Later, the charismatic Kapp, whose passes could sometimes be mistaken for punts (or wild ducks), signed with New England and quickly faded. His jump pass started looking more like a playground move. And speaking of costly all-star spectacles, my memory informs me that Harman Killebrew of the Minnesota baseball Twins was hurt in a costly way in the 1968 All-Star game, I believe while making a stretch play at first base.
It was kind of a blessing, Harmon, 'cause '68 was the year of the pitcher anyway. Frank Howard of the Washington Senators incredibly hit 44 home runs that year. Had Frank stepped into a time machine and fast-forwarded to 1998, and been given some of the "juice" that we now know propelled Mark McGwire and Sammy Sosa, my God, he would've buried them in the home run race.
And what could Killebrew have accomplished with a little "juice?" He'd be "The Killer" indeed, even against Sandy Koufax (the Twins' nemesis in the 1965 World Series).
No, the Pro Bowl cannot plug the gap in the NFL's two weeks-long hiatus leading up to the Super Bowl. And I have never really considered the Super Bowl part of the "true" NFL season anyway, partly because of the circus-like atmosphere that pervades. And partly because the NFL simply isn't as much fun when there are only two teams left in the running. The height of NFL interest is when you can tune in to ESPN's Sportscenter on any Monday and have a whole montage of NFL stories, gossip and anecdotes presented for you.
The Super Bowl seems more like a shrine to the excesses of American capitalism, than a true championship event. How many of the participants, do you feel, are relieved when it's all over? Who would want to be under a microscope like that? Oh, if the money is right. . .
But apparently the financial incentives were not enough for McKinnie to stick it out for the Pro Bowl. Now the NFL needs to think of incentives for fans to stay interested in the game through the four quarters.
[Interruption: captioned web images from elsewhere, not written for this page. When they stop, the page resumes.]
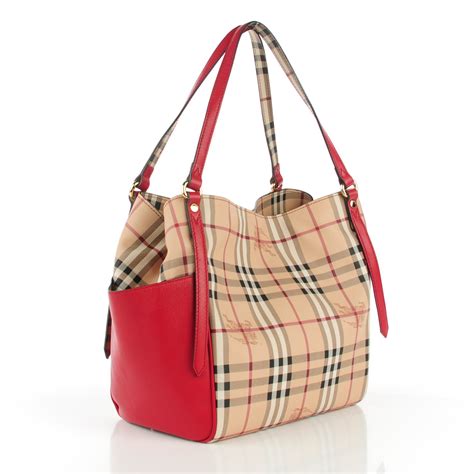 burberry haymarket red|buy burberry haymarket check tote.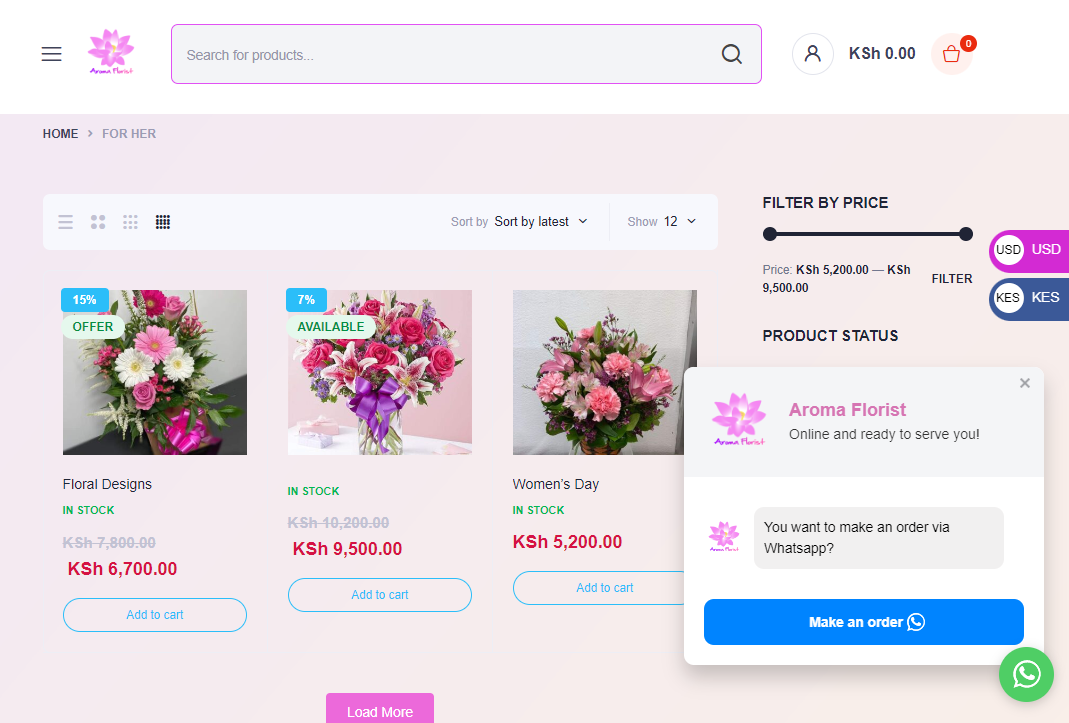 Flower Shop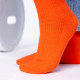 Chaussettes en laine orange - Billybelt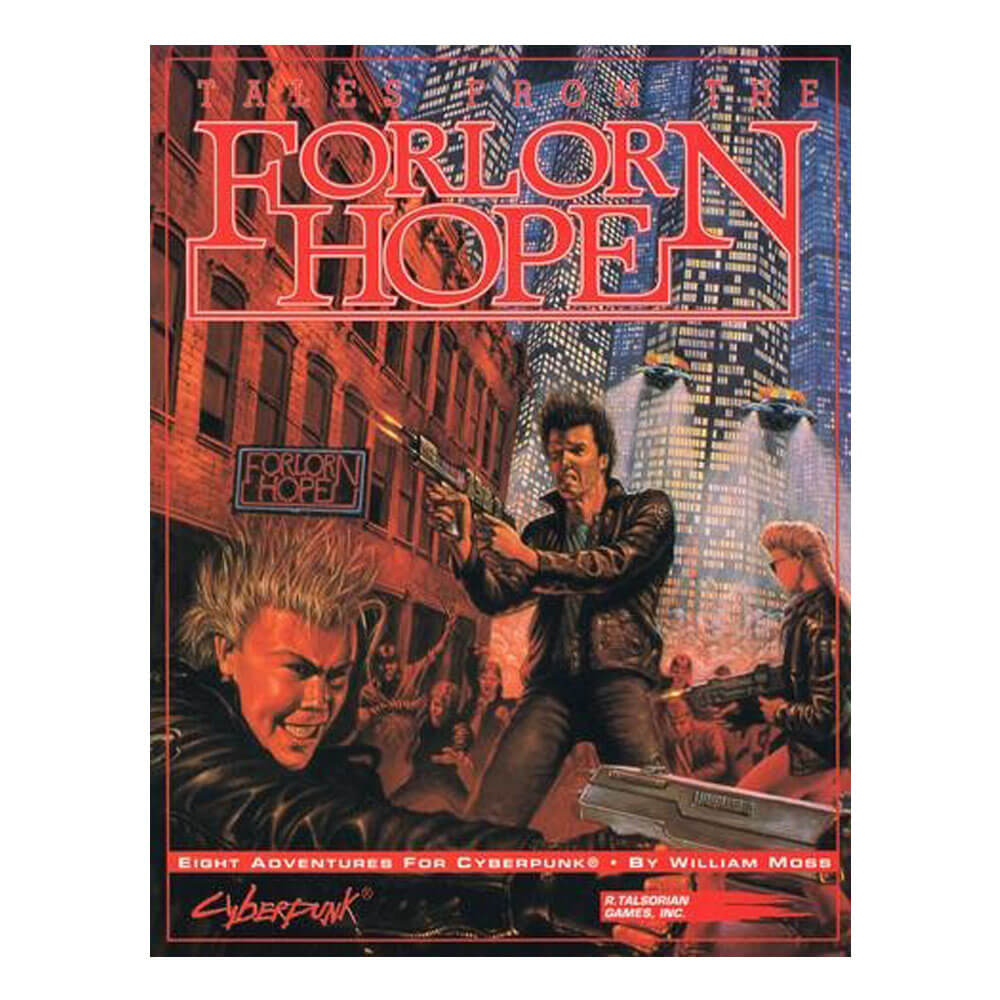 Tales from the Forlorn Hope Role Play Game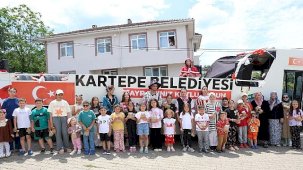 Kartepe’de Mahallelerde Şenlik Rüzgârı: Çocuklar Bayram Coşkusunu Yaşadı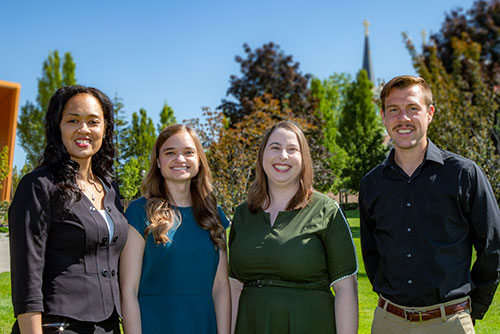 Graduate Enrollment Management Student Services Team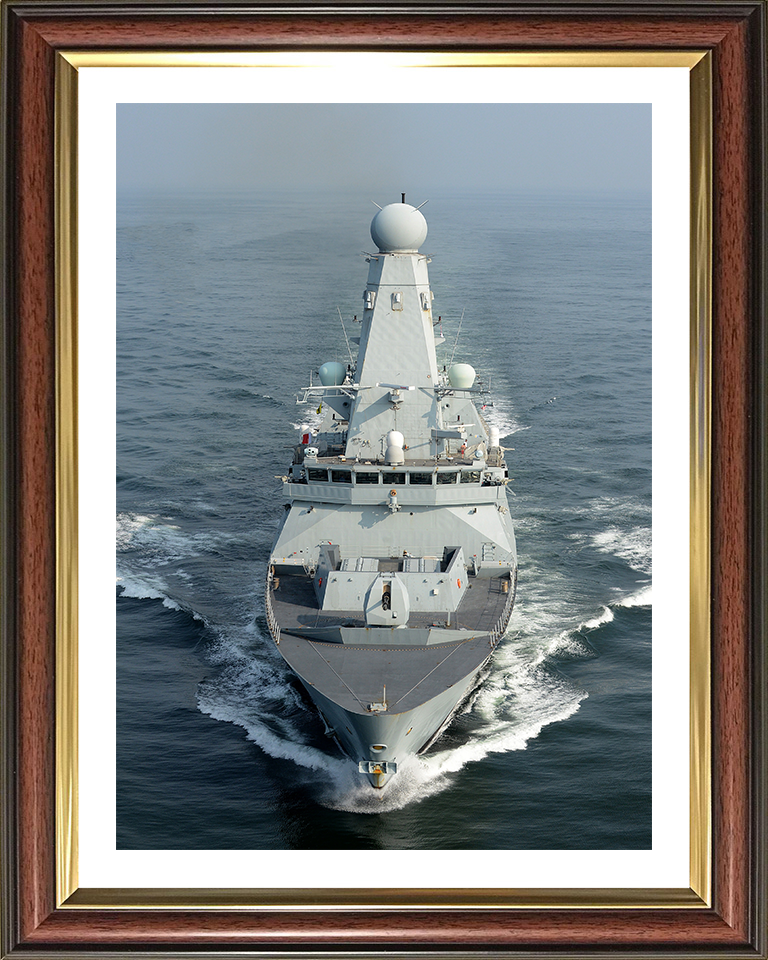 HMS Daring D32 | Photo Print | Framed Print | Poster | Type 45 | Destroyer | Royal Navy Hampshire Prints
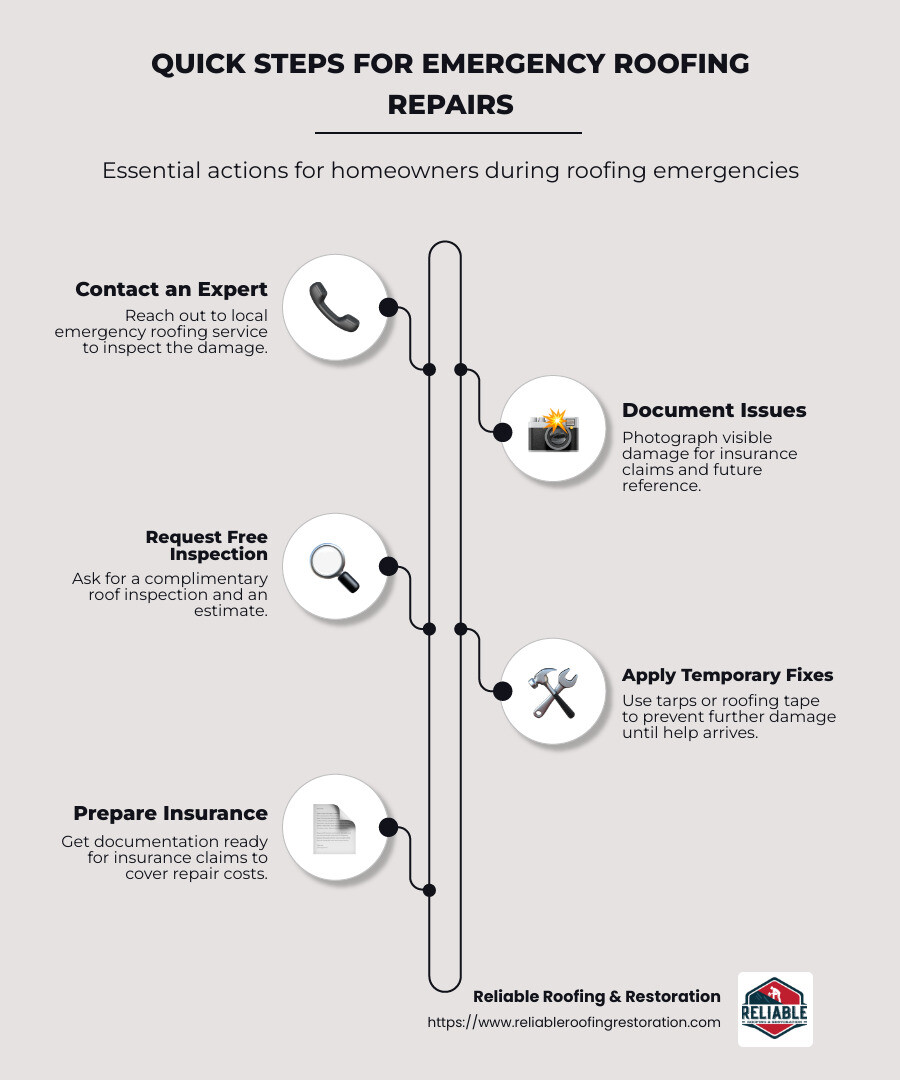 Infographic: Quick steps for emergency roofing repairs - emergency roofing repairs near me infographic infographic-line-5-steps-neat_beige Infographic: Quick steps for emergency roofing repairs - emergency roofing repairs near me infographic infographic-line-5-steps-neat_beige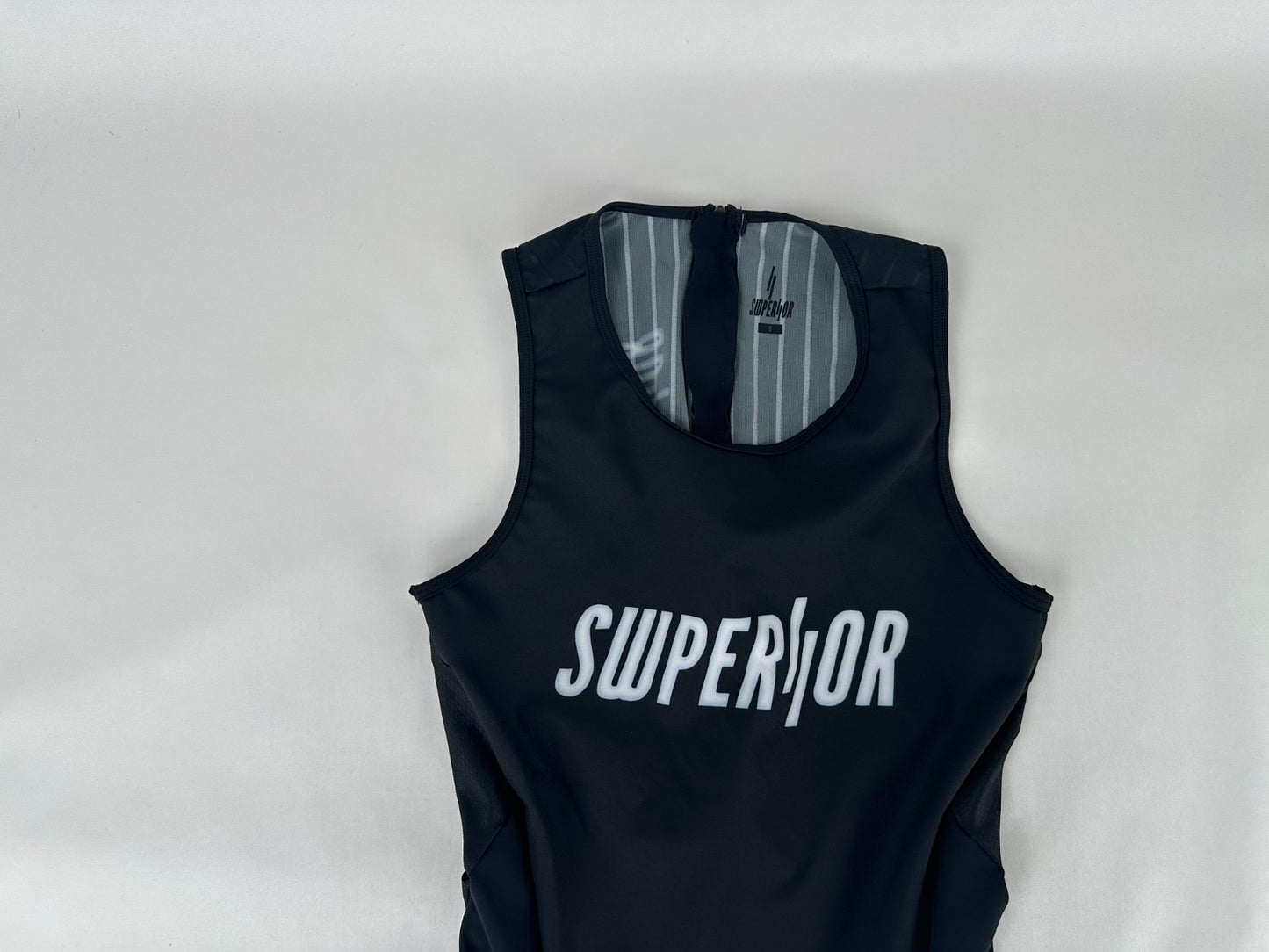 MEN SLEEVELESS TRI-SUIT BLK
After the Super Bowl? It seems like a wasteland. Not the kind of wasteland that Newton Minnow famously talked about relative to the medium of television (during the reign of Gilligan's Island and similar vapid stuff) but the kind of wasteland marked by "trashsports" (i.e. contrived sports events), and when I was young, "ABC's Wide World of Sports" with Jim McKay (called "Jim McKook") by Mad Magazine.
I remember trashsports when Archie Manning showed up one year, with some other NFL players, and they did things like trying to throw a football into a net attached to a golf cart.
I remember Manning, patriarch of the famous Manning football family in its prime today, because he casually smarted off to a TV moderator. At one point he said right into the microphone: "The only reason I'm here is that my contract requires it."
Today the players' contracts probably prohibit that kind of smarting off, given how the corporate world governs all of that. Consult your manual.
The World Series of Auto Racing was touted as a post-NFL season attraction in those days. Borrowing that term from baseball was an abomination. Truly there was a "dead zone" in the sports entertainment calendar, and basketball and hockey seemed no antidote.
The NBA was very weak in the 1960s and early '70s for some reason. Hockey? Periodically I'd try to develop an appreciation for the sport but I found it no more engaging than curling.
I felt the need for pills coping with that sudden void.
At age 55 I'm wise enough to see it all coming, but there's still a thud of recognition. And how long is it 'til NFL training camps open?